Montag, 08. Januar 2018

Macron hofft auf Wirkung der Sanktionen gegen Nordkorea

In der Krise mit Nordkorea hofft Frankreichs Präsident Emmanuel Macron auf die Wirkung der Sanktionen, um den isolierten Staat an den Verhandlungstisch zurückzuholen. „Ich erwarte viel von dem unerlässlichen Druck, den China auf Nordkorea ausüben kann, um es zu einem Kurswechsel zu ermutigen“, sagte Macron in einem vor dem Besuch am Montag veröffentlichten Interview.

Emmanuel Macron hielt sich 3 Tage in China auf.
Emmanuel Macron hielt sich 3 Tage in China auf. - Foto: © APA/AFP

Der Konflikt um das Atomwaffen- und Raketenprogramm Nordkoreas, die angespannte Lage im Iran, die bilaterale wirtschaftliche Kooperation und die Zusammenarbeit zwischen China und Europa stehen im Mittelpunkt der dreitägigen Visite. Es ist die erste Asien-Reise von Macron seit seinem Amtsantritt im vergangenen Jahr.

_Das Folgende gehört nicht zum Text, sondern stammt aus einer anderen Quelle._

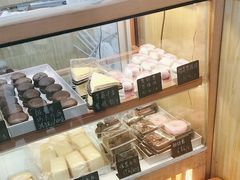 -包满意面包糕点(东坝店)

Während seines Besuches in Peking sollen auch Wirtschaftsabkommen unterzeichnet werden. Airbus hofft auf einen großen Auftrag aus China. (STOL hat berichtet)

Telefonischer Austausch mit Donald Trump

Vor seiner Ankunft in China tauschte sich Macron in einem Telefonat mit US-Präsident Donald Trump über Nordkorea und die Entwicklung im Iran aus. Dabei habe Trump die internationale Entschlossenheit unterstrichen, eine Beseitigung der Atomwaffen in Nordkorea zu erreichen, wie das Weiße Haus in Washington mitteilte.

Erste Station des dreitägigen China-Besuches von Macron war am Montag die Stadt Xi'an, die Ausgangspunkt für den antiken Handelsweg der „Seidenstraße“ zwischen China und Europa war. Zusammen mit seiner Frau Brigitte besuchte er dort die berühmte Terrakotta-Armee, bevor er eine Rede zur Zukunft der französisch-chinesischen Beziehungen hielt. Mit seinem Besuch in der alten Kaiserstadt wollte der Präsident symbolisch das Interesse Frankreichs an einer Kooperation in der geostrategischen Initiative von Staats- und Parteichef Xi Jinping für den Aufbau einer „neuen Seidenstraße“ mit Handelskorridoren über Land und See unterstreichen.

In der Initiative, die bei anderen Ländern auch auf Bedenken über Chinas außenpolitische Ambitionen und Einhaltung internationaler Standards stößt, will Frankreich laut Macron „eine führende Rolle spielen“, wie er in dem Interview, das auf der offiziellen Webseite china.org veröffentlicht wurde, sagte. Es sei ein „sehr wichtiges Vorhaben“, das die Verbindungen zwischen Europa und Asien verbessern könne. Beide Seiten sollten ihre Zusammenarbeit dafür ausbauen und konkrete Projekte zur Umsetzung identifizieren.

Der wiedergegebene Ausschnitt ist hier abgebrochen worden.